Controversial 70s guru Adi Da (aka Bubba Free John etc etc) died on Thanksgiving.

My main connection to him is his strong early influence from my erstwhile guru Swami Muktananda. I have a little familiarity with Da from attending programs run by his devotees here in Berkeley; these included some readings from his books, and watching him on video.

I've always been intrigued by how Da was accepted as a super high-class teacher by major writers and philosophers like Ken Wilber and Alan Watts... since his teachings on the whole had so little resonance for me. I've previously posted about Wilber here and here. It was this curiosity about Da's popularity that inspired me to start this blog with a post about Adi Da over a year ago.

I've joined some discussion about Adi Da at the Nonduality Blog and elsewhere. Nonduality.org may be the most lively forum on the topic; Guruphiliac has also added a Da post.

Zen Master Seung Sahn used to say "A bad situation is a good situation." If someone is attached to money, and it's working out well for him, it's very difficult to see and examine and question the underlying attachment. But when a financial crisis hits, the bad situation is an inspiration for inquiry, for looking to the roots of the suffering in our own thinking. Likewise, when a guru dies, the bad situation may be the best time to wonder about our tendency to seek external authority above believing our own experience. That's generally what I've been saying in those discussions.

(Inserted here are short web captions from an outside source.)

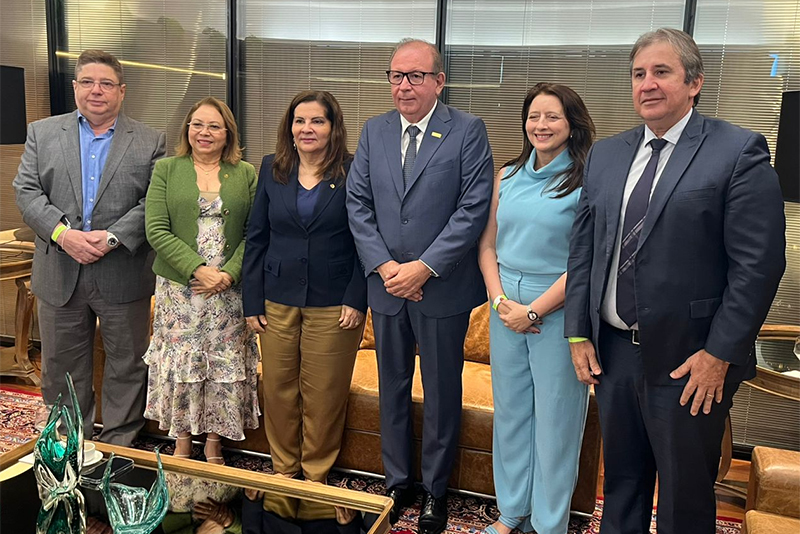  Cinco pessoas estão em pé em um ambiente interno. Da esquerda para a direita, há dois homens e três mulheres. O homem do centro veste um terno azul-marinho. Todos estão bem vestidos e olham para a frente.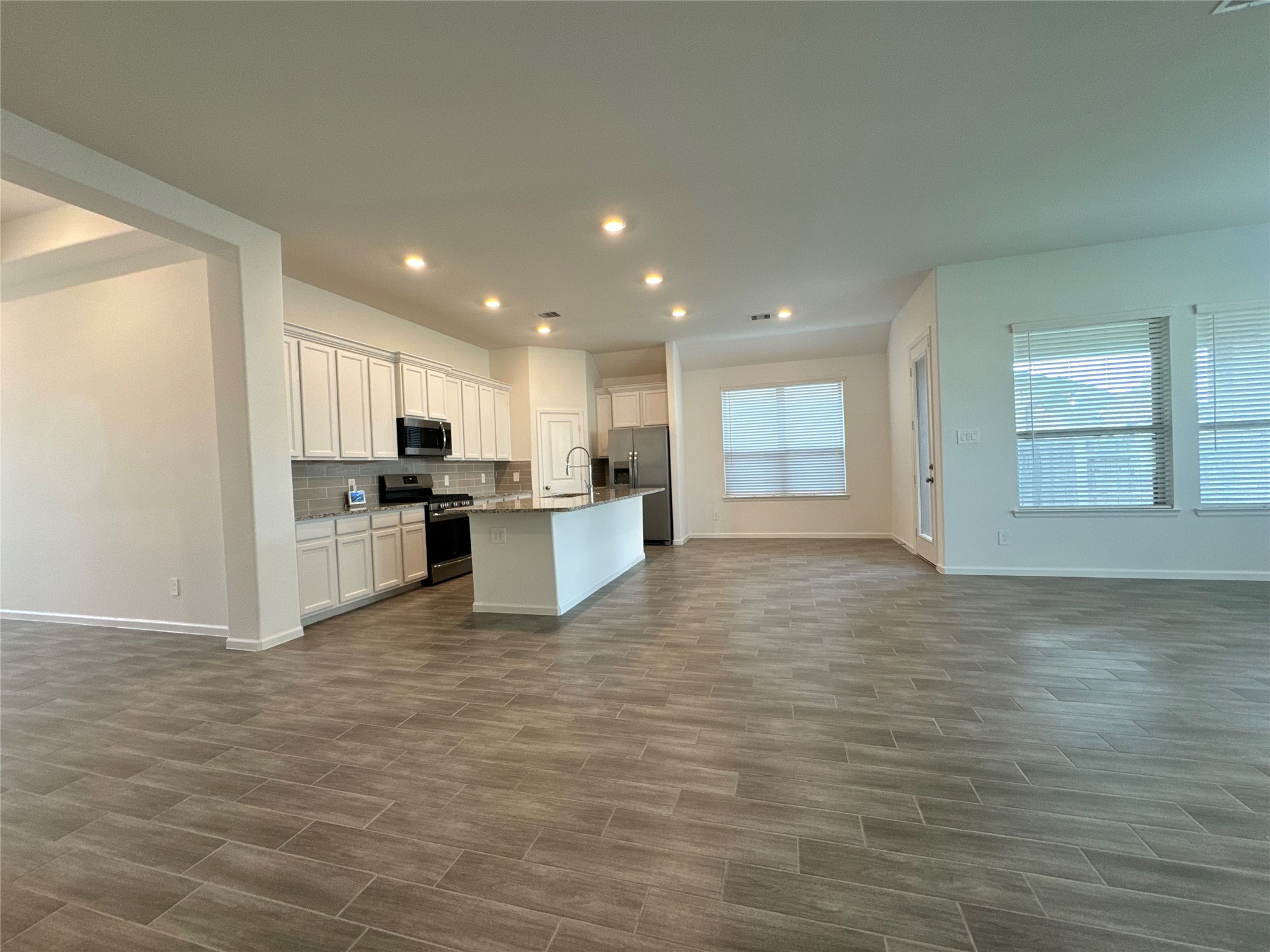 17311 Grand Canyon Road Conroe, TX 77302 - Photo 6 of 28 a view of kitchen with kitchen island wooden floor center island and stainless steel appliances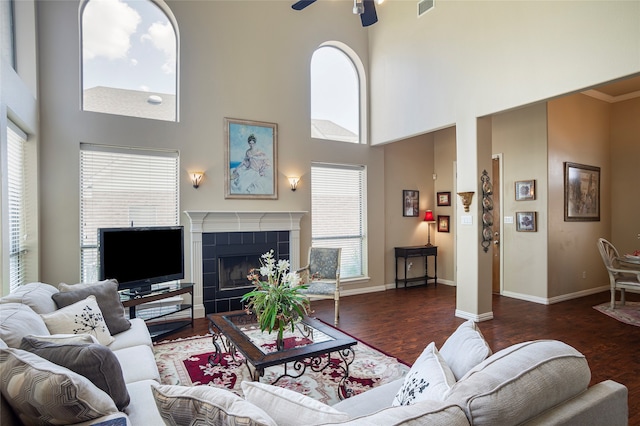 living room featuring hardwood / wood-style flooring, a healthy amount of sunlight, a tiled fireplace, and ceiling fan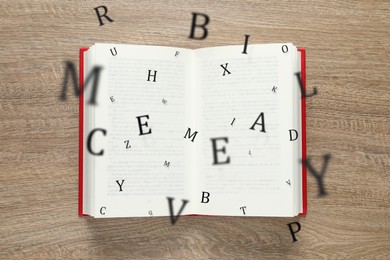 Image of Open book with letters flying out of it on wooden background, top view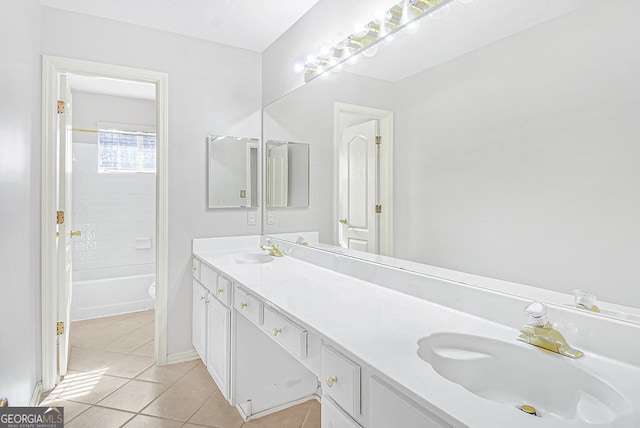 bathroom with tiled shower / bath, vanity, and tile patterned flooring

I happen to have been present in the Ganeshpuri India ashram when Swami Muktananda died. As I saw the devotees scrambling for a new way to project their belief and devotion during those days, it made me wonder about how the needs and wants and expectations of the followers may be the most fundamental part of the equation. (If authoritarian gurus didn't exist, we'd have to invent them.) I've always thought that being in the midst of Muktananda's death-drama was a key experience in pointing me toward a more independent path, which is likely why Da's passing is interesting to me today.